It has been a little over a week since the Amazon cloud outage. Pundits continue to weigh in and will likely do so for some time to come. An internet search for “Amazon cloud outage” returns over 450,000 hits, several thousand of which were in the last 24 hours. It seems there is plenty of blame to go around.
I had the good fortune to be teaching Learning Tree’s introductory Cloud Computing course last week in Los Angeles. Naturally this topic came up when we were discussing barriers to cloud adoption. One of the students offered an analogy which I thought was quite appropriate. While perhaps not perfect we can consider public clouds vs. on premise data centers as being roughly comparable to flying vs. driving. Statistically you are much safer flying than driving. Each time a plane crashes, however, it makes headline news because of the magnitude of the disaster. In contrast we hear very little about the countless traffic fatalities which occur on a daily basis.
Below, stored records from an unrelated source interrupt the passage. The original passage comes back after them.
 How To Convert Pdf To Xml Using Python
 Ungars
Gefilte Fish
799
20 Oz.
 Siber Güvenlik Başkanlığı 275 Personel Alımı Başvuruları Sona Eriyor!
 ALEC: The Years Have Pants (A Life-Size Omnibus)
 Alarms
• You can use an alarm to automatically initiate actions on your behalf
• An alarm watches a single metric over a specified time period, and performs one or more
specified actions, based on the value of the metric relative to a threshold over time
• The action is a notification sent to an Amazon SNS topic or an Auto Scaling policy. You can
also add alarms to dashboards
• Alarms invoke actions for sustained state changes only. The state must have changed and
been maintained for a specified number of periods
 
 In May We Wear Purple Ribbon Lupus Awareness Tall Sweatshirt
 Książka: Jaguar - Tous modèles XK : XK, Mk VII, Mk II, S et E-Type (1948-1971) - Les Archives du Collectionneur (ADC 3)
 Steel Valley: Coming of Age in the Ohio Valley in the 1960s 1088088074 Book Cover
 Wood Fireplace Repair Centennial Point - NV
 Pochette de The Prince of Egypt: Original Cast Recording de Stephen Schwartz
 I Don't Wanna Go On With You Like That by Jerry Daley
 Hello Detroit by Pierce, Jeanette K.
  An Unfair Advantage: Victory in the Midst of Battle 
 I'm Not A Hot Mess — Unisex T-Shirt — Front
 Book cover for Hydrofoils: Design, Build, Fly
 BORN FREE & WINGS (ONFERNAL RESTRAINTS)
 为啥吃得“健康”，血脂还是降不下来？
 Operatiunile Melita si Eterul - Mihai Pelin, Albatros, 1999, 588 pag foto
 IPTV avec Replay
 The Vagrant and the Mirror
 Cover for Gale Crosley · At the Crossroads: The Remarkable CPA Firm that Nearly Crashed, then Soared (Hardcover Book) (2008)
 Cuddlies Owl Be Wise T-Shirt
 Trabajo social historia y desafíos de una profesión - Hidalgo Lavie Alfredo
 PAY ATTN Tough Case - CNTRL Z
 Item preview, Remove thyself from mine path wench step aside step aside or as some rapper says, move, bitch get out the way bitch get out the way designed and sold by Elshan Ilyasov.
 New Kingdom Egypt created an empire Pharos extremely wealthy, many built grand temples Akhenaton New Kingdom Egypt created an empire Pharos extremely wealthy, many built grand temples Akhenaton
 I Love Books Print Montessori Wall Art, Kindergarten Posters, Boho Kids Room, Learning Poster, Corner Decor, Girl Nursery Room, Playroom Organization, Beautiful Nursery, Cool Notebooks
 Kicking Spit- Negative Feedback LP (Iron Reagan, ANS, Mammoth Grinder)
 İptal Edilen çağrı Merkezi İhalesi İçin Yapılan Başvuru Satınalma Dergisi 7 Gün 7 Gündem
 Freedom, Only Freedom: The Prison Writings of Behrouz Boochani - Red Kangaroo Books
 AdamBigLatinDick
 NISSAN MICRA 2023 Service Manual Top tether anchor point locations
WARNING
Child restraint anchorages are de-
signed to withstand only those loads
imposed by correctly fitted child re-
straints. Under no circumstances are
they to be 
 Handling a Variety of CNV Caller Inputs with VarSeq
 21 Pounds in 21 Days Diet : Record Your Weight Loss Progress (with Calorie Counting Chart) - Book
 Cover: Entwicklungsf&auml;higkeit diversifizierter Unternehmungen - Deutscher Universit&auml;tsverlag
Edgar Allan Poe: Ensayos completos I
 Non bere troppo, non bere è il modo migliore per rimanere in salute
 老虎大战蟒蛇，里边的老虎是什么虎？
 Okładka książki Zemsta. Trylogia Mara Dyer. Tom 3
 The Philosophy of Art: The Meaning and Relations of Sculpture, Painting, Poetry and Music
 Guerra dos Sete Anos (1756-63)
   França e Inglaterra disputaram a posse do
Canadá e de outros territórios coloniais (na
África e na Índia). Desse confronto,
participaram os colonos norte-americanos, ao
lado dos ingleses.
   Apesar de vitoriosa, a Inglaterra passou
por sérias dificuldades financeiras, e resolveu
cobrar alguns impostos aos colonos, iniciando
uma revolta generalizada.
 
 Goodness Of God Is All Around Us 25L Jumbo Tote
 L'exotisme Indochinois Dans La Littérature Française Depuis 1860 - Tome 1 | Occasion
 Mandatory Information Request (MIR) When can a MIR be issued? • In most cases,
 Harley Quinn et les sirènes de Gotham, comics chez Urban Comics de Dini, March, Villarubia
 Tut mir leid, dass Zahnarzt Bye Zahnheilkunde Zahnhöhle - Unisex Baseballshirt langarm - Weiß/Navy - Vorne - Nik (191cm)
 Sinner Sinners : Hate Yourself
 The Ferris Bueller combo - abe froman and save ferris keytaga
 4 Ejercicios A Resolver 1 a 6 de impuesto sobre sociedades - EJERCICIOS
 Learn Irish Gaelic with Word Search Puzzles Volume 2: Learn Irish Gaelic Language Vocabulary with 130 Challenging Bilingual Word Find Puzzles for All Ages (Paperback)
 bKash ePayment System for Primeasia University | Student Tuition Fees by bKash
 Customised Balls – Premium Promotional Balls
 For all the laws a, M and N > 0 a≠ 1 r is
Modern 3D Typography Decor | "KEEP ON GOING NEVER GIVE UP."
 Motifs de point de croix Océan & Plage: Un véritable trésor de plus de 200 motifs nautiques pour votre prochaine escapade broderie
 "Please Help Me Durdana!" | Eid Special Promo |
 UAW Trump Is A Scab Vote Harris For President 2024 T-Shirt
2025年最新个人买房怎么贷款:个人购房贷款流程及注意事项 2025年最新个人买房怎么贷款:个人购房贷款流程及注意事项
Amazon has released their official response in “message 65648“. It seems that the root cause of the outage was failure of some Elastic Block Storage (EBS) volumes within a single Availability Zone in their US East Region. Last week Amazon notified, by email, all affected customers (including yours truly) and indicated that there would be a 10 day credit equal to 100% of the usage of EBS Volumes, EC2 and RDS instances within the affected Availability Zone. In my case that is acceptable. Businesses that depended on Amazon’s cloud for their revenue may be less easy to mollify.
What has become clear is that by moving to the cloud an organization is not absolved of the ultimate responsibility for ensuring that their systems perform. Some organizations, such as Netflix, were able to survive the outage (albeit not without some pain) by careful up front planning and architecture. For others the Amazon outage was disastrous. The key, it seems, was a healthy dose of paranoia about the cloud and proper disaster recovery and contingency planning right from the beginning. These are good lessons to learn and for many the lessons were learned the hard way.
This incident is certainly an embarrassment for Amazon. It will, perhaps, cause some to proceed more cautiously in adopting cloud technologies. It is doubtful, however, that there will be reversal in the trend for cloud adoption. The benefits of cloud computing continue to outweigh the risks for many organizations, especially if those risks are well-managed.
In fact, Forrester research estimates that the market for cloud services will grow from $41 billion in 2010 to over $240 billion by 2020. The Amazon incident is a setback, to be sure, but it is only a speed bump on the road to cloud computing. The experience will be used by Amazon and consumers of cloud services to build better systems improve their planning and take steps to ensure that something like this does not happen again.
So, I will continue to look at cloud computing solutions for use at Learning Tree and for my consulting clients. The genie is out of the bottle and once that has happened there is no going back. We are reminded, however, that disasters can and do occur. The cloud does not change that and the onus is still on system developers, administrators and owners to ensure fail-safe conditions subject to the organization’s Recovery Point and Recovery Time Objectives.